__PROVIDED INFORMATION__
((

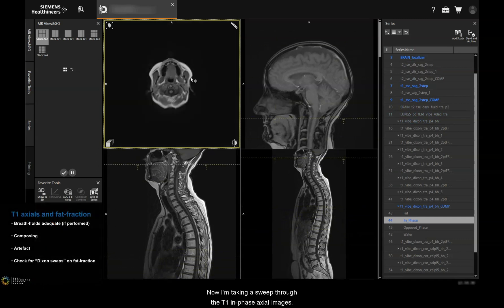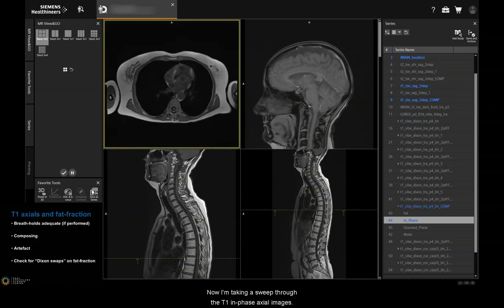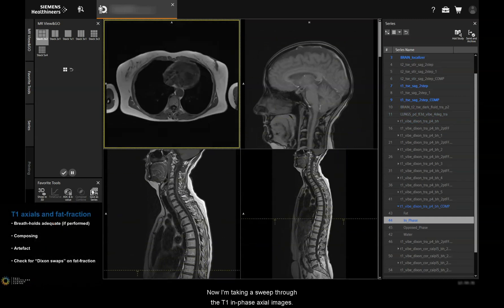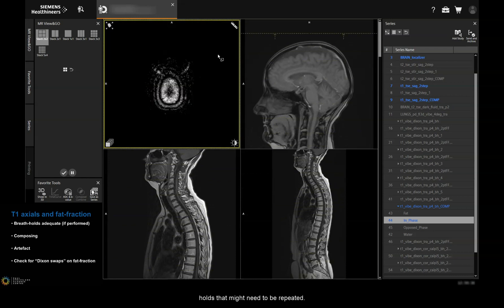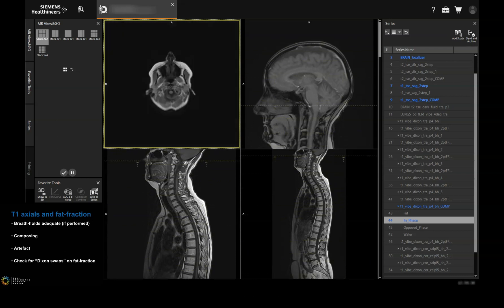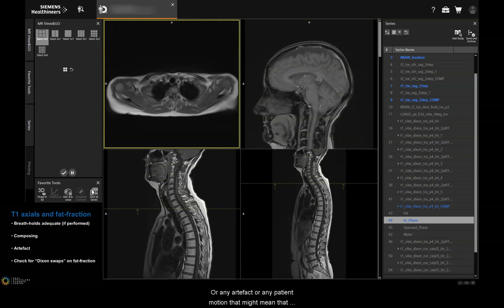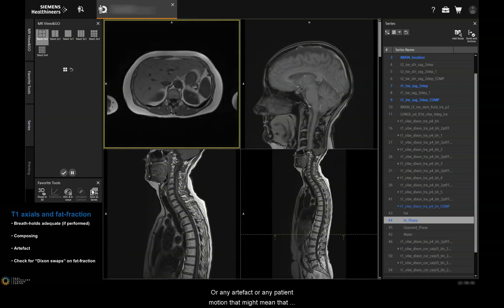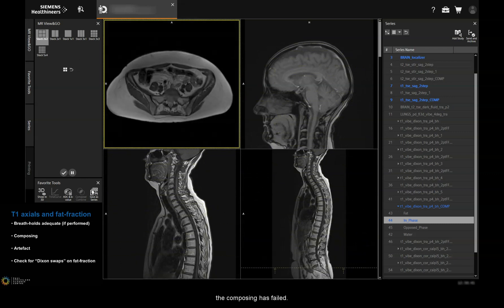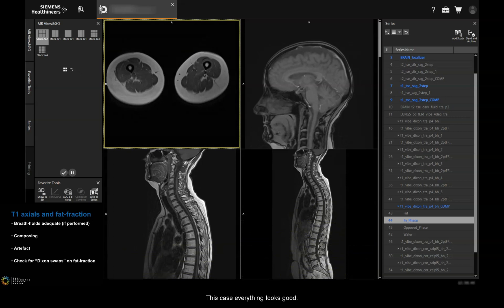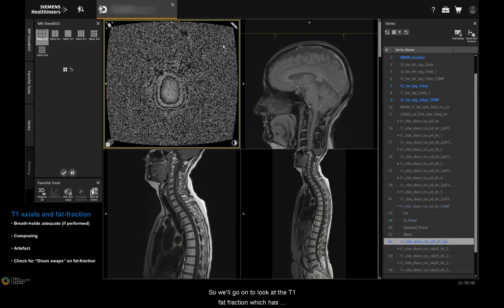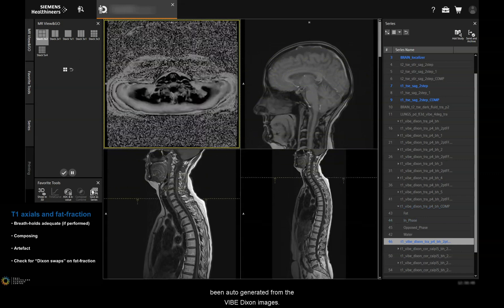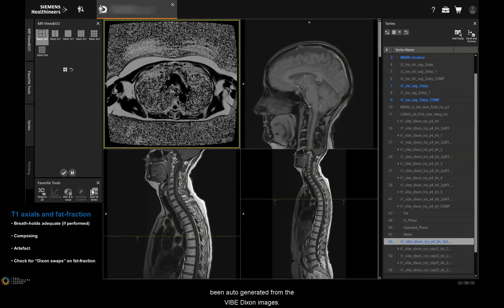Now I'm taking a sweep through the T1 in-phase axial images, looking for anything like failed breath holds that might need to be repeated, or any artifact or patient motion that might mean that the composing has failed. In this case everything looks good, so we'll go on to look at the T1 fat fraction, which has been auto-generated from the VIBE Dixon images.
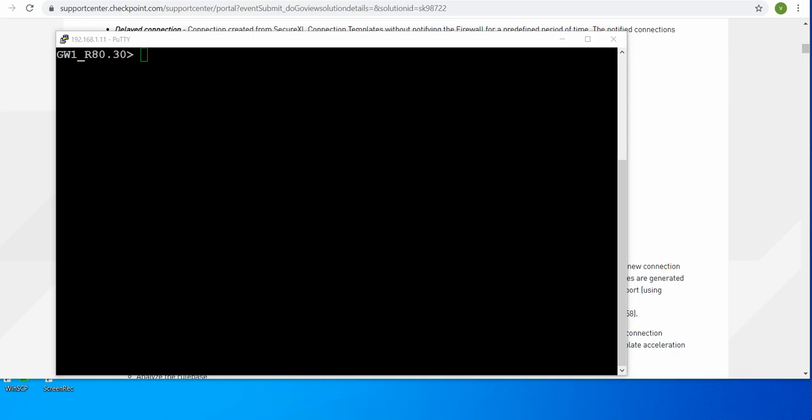Hello everyone. Today we are going to discuss command line for SecureXL. I will be getting a lot of comments like how SecureXL works, what are the accept and drop templates, what are the differences between them. So I have decided let's talk about it in a video and let's see how SecureXL works.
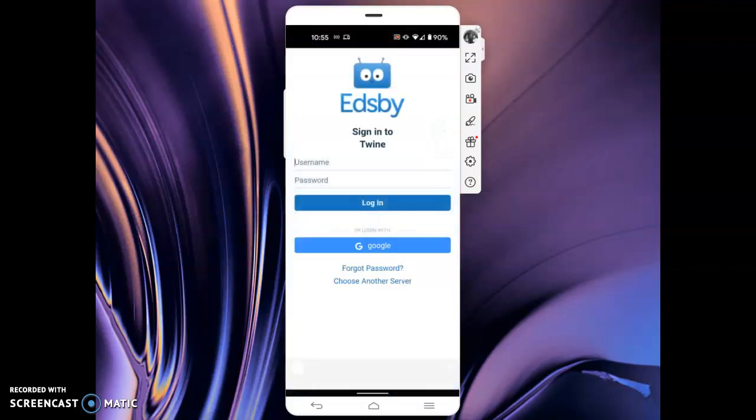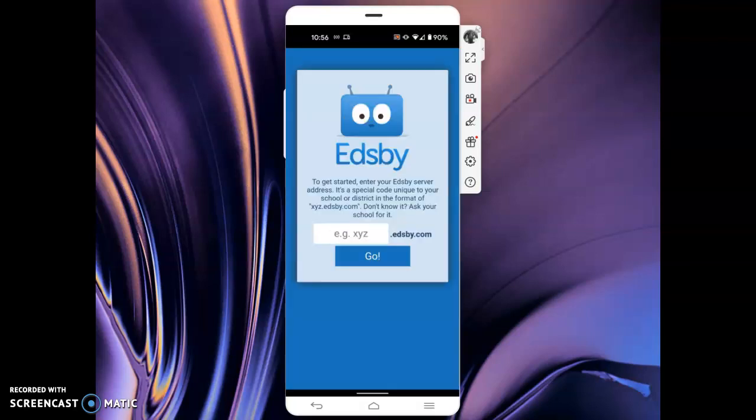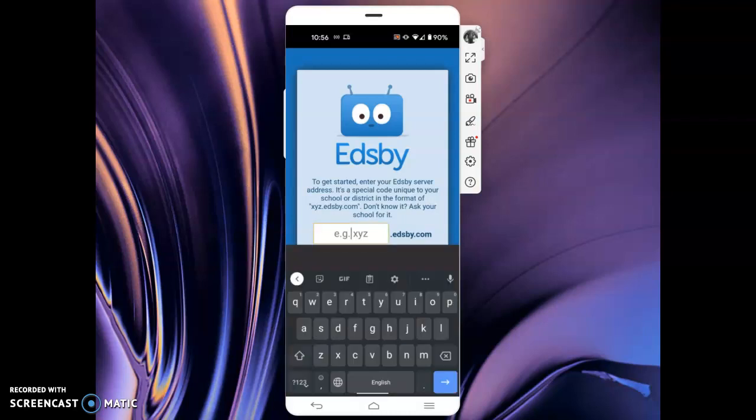If you've already logged in before, you'll already have your school login screen. If this is the first time you're launching your EDSB app, you may notice this screen and you'll just need to put in your designated school information, which you will receive from your school teachers or school administration.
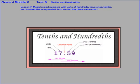And that'll take care of lesson seven, where we're modeling mixed numbers with units of hundreds, tens, ones, tenths, and hundredths in expanded form and on the place value chart.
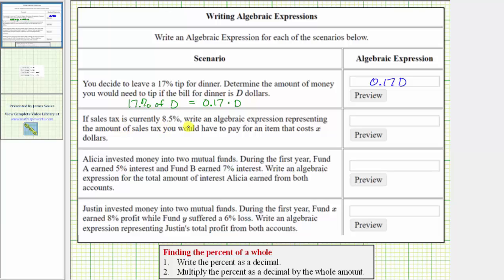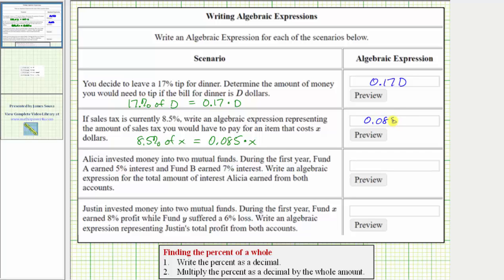Next, if sales tax is eight point five percent, write an algebraic expression representing the amount of sales tax you would have to pay for an item that costs x dollars. We need an expression for eight point five percent of x. Eight point five percent as a decimal would be 0.085. So the expression is 0.085 times x, normally written as 0.085x.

))

__TASK TO COMPLETE__
Write out all the records exactly, omitting the images.

__EXERCISE ANSWER__
Now I'm taking a sweep through the T1 in-phase axial images, looking for anything like failed breath holds that might need to be repeated, or any artifact or patient motion that might mean that the composing has failed. In this case everything looks good, so we'll go on to look at the T1 fat fraction, which has been auto-generated from the VIBE Dixon images.
Hello everyone. Today we are going to discuss command line for SecureXL. I will be getting a lot of comments like how SecureXL works, what are the accept and drop templates, what are the differences between them. So I have decided let's talk about it in a video and let's see how SecureXL works.
If you've already logged in before, you'll already have your school login screen. If this is the first time you're launching your EDSB app, you may notice this screen and you'll just need to put in your designated school information, which you will receive from your school teachers or school administration.
And that'll take care of lesson seven, where we're modeling mixed numbers with units of hundreds, tens, ones, tenths, and hundredths in expanded form and on the place value chart.
Next, if sales tax is eight point five percent, write an algebraic expression representing the amount of sales tax you would have to pay for an item that costs x dollars. We need an expression for eight point five percent of x. Eight point five percent as a decimal would be 0.085. So the expression is 0.085 times x, normally written as 0.085x.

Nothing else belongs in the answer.